Five-Stage Pipeline (MIPS Classic)

Stage Name Operation
IF Instruction Fetch Read instruction from instruction memory using PC; PC += 4
ID Instruction Decode / Register Read Decode opcode; read register file
EX Execute ALU operation; branch condition evaluation; address computation
MEM Memory Access Load or store data memory
WB Write Back Write result to register file

Pipeline registers: IF/ID, ID/EX, EX/MEM, MEM/WB. Each holds the instruction’s partial results as it advances through stages.

Hazard Details and Solutions

Data Hazards

RAW (Read After Write): producer has not yet written; consumer reads stale value.

Without forwarding:

ADD r1, r2, r3    # writes r1 at end of WB (cycle 5)
SUB r4, r1, r5   # reads r1 at ID (cycle 3) -> stale!

Forwarding paths:

  • EX/MEM -> EX input: results from the EX stage are available 1 cycle later.
  • MEM/WB -> EX input: results available 2 cycles later.

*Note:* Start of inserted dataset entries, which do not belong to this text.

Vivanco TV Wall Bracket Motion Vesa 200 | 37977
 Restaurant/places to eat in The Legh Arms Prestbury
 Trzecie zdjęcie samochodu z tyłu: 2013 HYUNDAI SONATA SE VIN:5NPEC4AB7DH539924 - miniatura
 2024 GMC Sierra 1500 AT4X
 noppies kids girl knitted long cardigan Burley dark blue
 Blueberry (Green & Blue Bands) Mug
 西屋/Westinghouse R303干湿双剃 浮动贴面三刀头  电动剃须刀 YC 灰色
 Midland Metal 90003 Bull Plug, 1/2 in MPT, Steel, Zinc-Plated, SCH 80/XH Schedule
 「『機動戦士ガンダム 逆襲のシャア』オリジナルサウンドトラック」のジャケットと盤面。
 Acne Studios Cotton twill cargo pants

Load-use hazard: the loaded value is not available until after MEM; forwarding to EX of the immediately next instruction is impossible. Must insert 1 stall (bubble).

LW  r1, 0(r2)    # r1 available after MEM (cycle 4)
ADD r3, r1, r4   # needs r1 at EX (cycle 4) -> stall 1 cycle

Compiler interleaving: the compiler (or assembler) can insert an independent instruction between the load and its use to fill the stall slot.

Control Hazards

Branches are resolved during EX (or later); the two instructions after a branch have already been fetched and decoded.

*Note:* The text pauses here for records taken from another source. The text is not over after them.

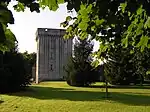 vue depuis le parc.
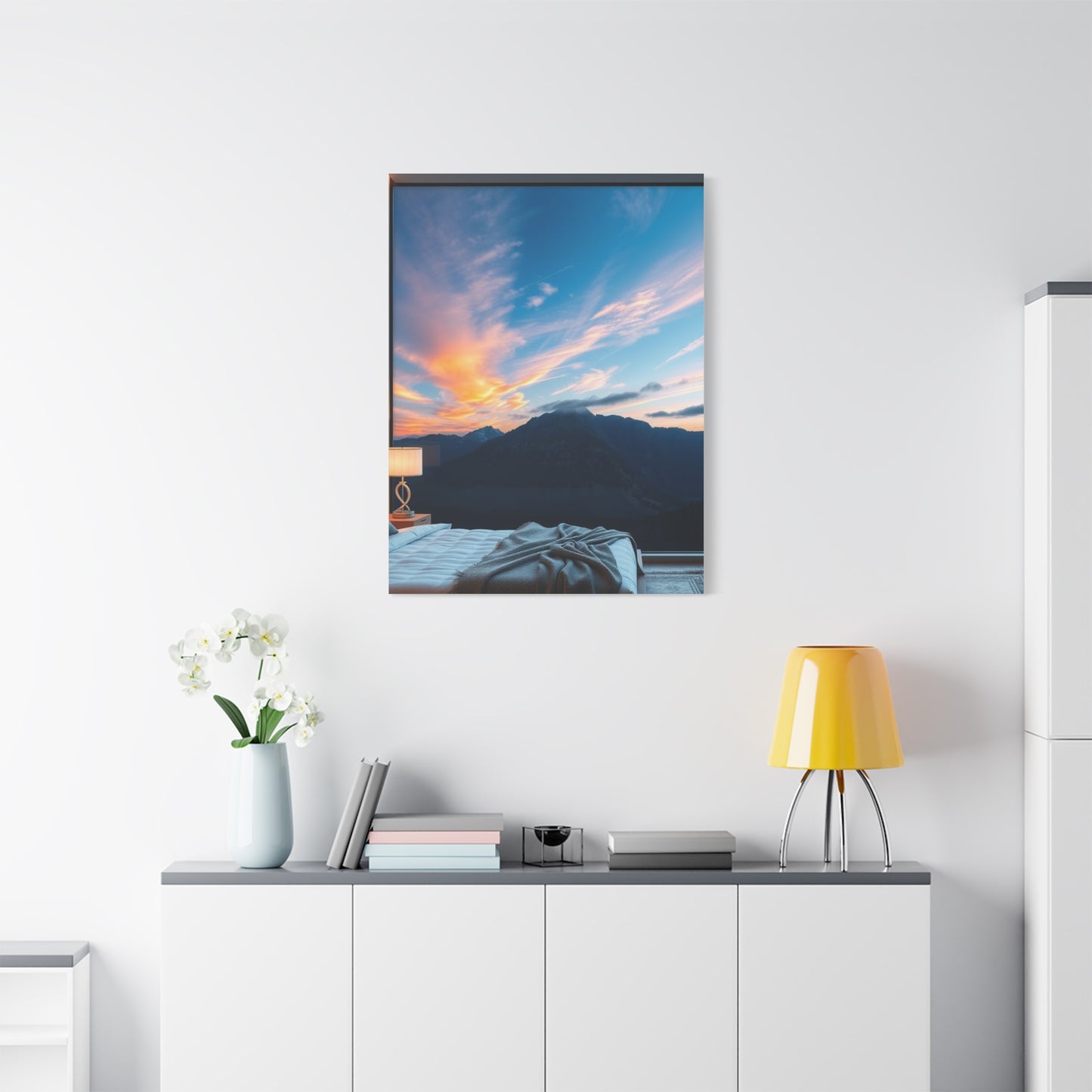 Elite Scenic Nature Bedroom Art Vision Wall Art & Canvas Print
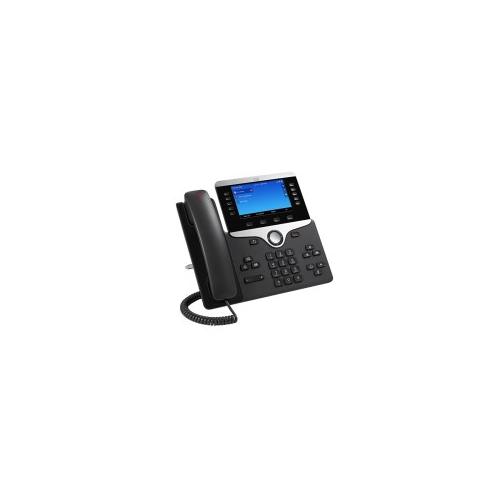 Cisco 8841 Ip-telefon Schwarz, Silber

Flush on misprediction: squash instructions fetched on the wrong path (set them to NOPs). Costs 2-3 cycles per mispredicted branch.

Branch prediction: predict taken or not-taken; fetch the predicted path; flush if wrong.

Delayed branches (MIPS): the instruction in the branch delay slot always executes. The compiler places a useful instruction there (often the instruction before the branch in the original code). Avoids the flush in the simple case.

Branch target buffer (BTB): cache mapping branch PC to predicted target address. Fetch from the predicted target immediately in the IF stage.

Deeper Pipelines

Modern CPUs have 10-20+ pipeline stages for higher clock frequencies (shorter stages = shorter cycle time).

Example: Intel Core architecture: ~14-16 stages.

Benefits: higher clock frequency.

Costs: more stages = deeper mispredict penalty (15-20 cycles instead of 2-3). Branch prediction accuracy becomes even more critical.

Diminishing returns: beyond a certain depth, the overhead of pipeline registers and the mispredict penalty outweigh the clock frequency gains.

Superscalar Pipeline

Issue multiple instructions per cycle by replicating pipeline stages.

Issue width: the number of instructions issued per cycle. Modern CPUs: 4-6 wide.

In-order superscalar: issue up to $w$ instructions in program order each cycle. Limited by dependences.

Out-of-order: see CPU Organization for Tomasulo’s algorithm.

VLIW (Very Long Instruction Word)

The compiler explicitly packs multiple operations into a single wide instruction word. No dynamic scheduling hardware needed.

Advantages: simpler hardware; lower power.

Disadvantages: binary compatibility issues (recompile for each chip); code size bloat (NOPs for empty slots).

Used in DSPs (TI C6000, Qualcomm Hexagon) and Itanium (largely unsuccessful for general computing).

Pipeline Performance Analysis

Actual CPI:

\[\text{CPI} = 1 + \text{structural stall cycles/inst} + \text{data hazard stall cycles/inst} + \text{control stall cycles/inst}\]

Example: 5-stage pipeline; 20% branches; 5% misprediction rate; 15-cycle mispredict penalty; no structural or data stalls.

\[\text{CPI} = 1 + 0.20 \times 0.05 \times 15 = 1 + 0.15 = 1.15\]

CPU time:

\[T = \text{Inst count} \times \text{CPI} \times \text{Cycle time}\]